Victor Manuel Escobar Rivas is not the only Bay Area resident without a mailbox.
“We have a housing crisis, people are renting whatever they can,” said Julio Garcia of Nuestra Casa, a community organization in East Palo Alto.
Garcia sees many residents who are shut out of the expensive housing market but are employed in the area. To avoid lengthy commutes, people rent sheds and converted garages. Others get an recreational vehicle and pay to park it in a backyard. Some even rent tents in backyards.
“This is the norm now. It’s not the exception,” said Garcia.
Recently, Megan Gosch flicked through a powerpoint in a conference room in Redwood City. A white colonial house with a red door came on the screen, captioned, “TRADITIONAL HOUSING.” Another few slides flashed by, and another slide showed a trailer sitting in the backyard of a home, captioned, “NON-TRADITIONAL HOUSING.”

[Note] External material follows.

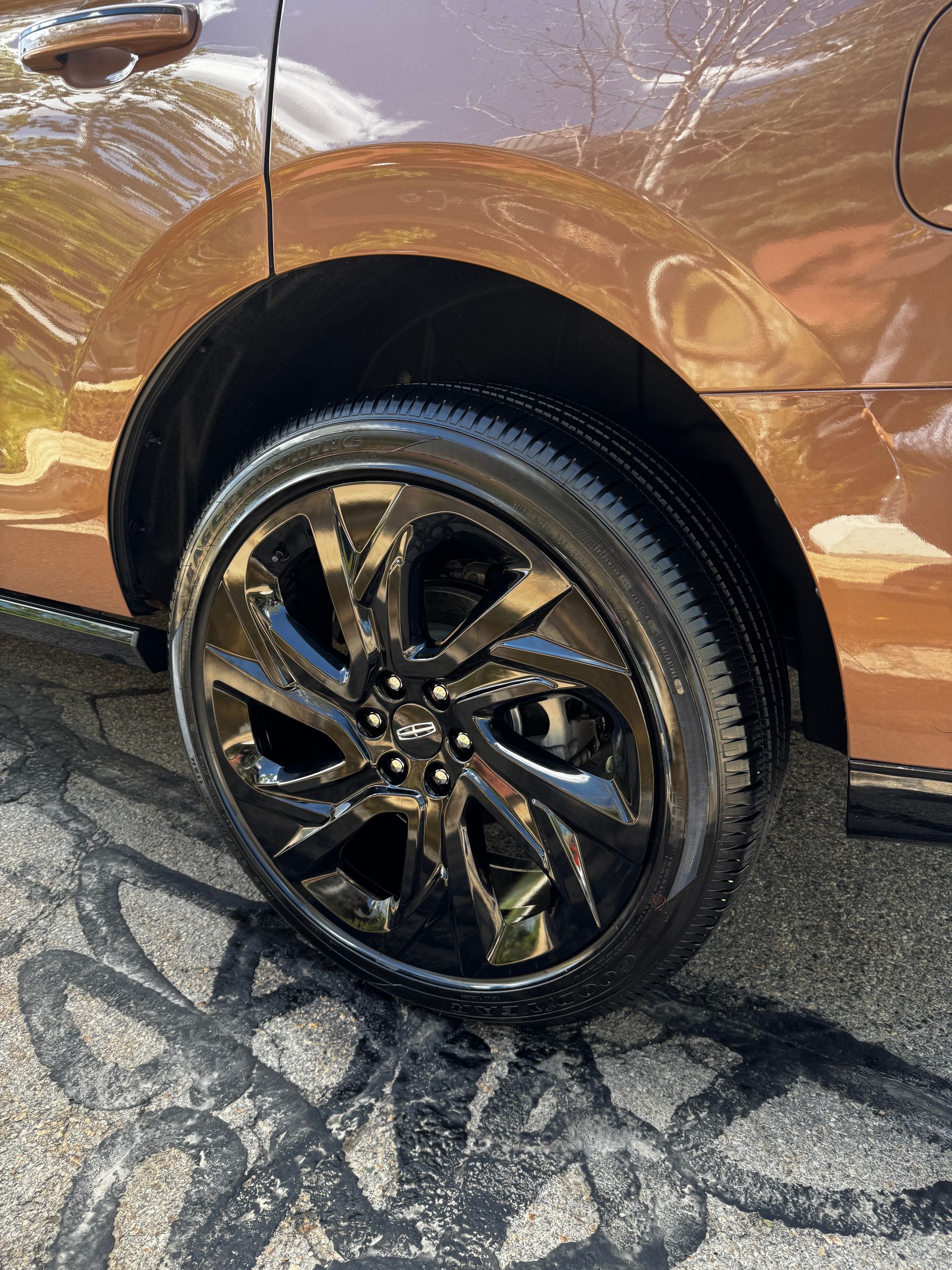 Close-up of a bronze car’s black wheel and wet tire on pavement.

In May of 2018, presentations like these were used as part of an effort to canvas neighborhoods for unconventional housing, in order to add them to the master address form. Back in 2018, cities and counties across the nation took part in the Local Update of Census Addresses (LUCA). For cities worried about an undercount, including San Jose, New York City, and Houston, Texas, canvassing can produce addresses not found elsewhere.

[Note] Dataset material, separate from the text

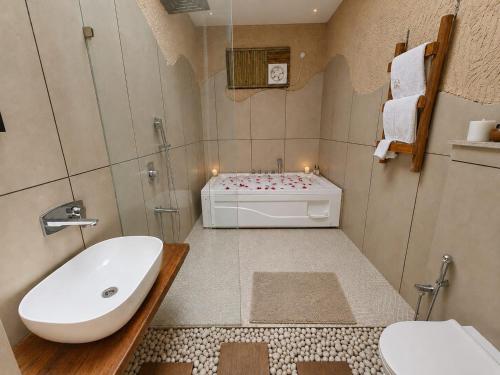 a bathroom with a sink and a bath tub at The Ark Resort in Bhopal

Throughout May and June of 2018, canvassers in San Mateo and Santa Clara counties targeted neighborhoods deemed “hard to count.”
They were taught to spot the difference between a garage and an inhabited garage. They looked for extra doorbells, satellite dishes, or drapes in the windows. From the sidewalk, they checked to see if power lines from the main house extended to the extra unit, or even looked to see if they could see children’s drawings through the windows.
In Santa Clara County, canvassers added 3,100 addresses to the list. In San Mateo County, they added 1,915. And in East Palo Alto alone, they found 701 units.
But canvassing efforts cannot find all forms of unconventional housing. For one, apartments that seem traditional from the outside might house multiple families.
“People are sharing their apartments. I don’t know if those people are going to get counted or not,” said Garcia.
Two or three families might share a one-bedroom apartment. That can be about 15 people in an apartment designed for one or two, explained Garcia.
And even if a census form arrives in their mailbox, or an enumerator shows up at their door, tenants fear that a landlord could discover their sublease.
“The fear is that you are going to get evicted if the landlord finds out how many people are living there," said Garcia. "And then where do you go?”
“We need to remind people that Title 13 of the U.S. Code prohibits any other governmental agency from accessing your information, so the local planning department will have zero access to your information,” said Casey Farmer, census lead for Alameda County.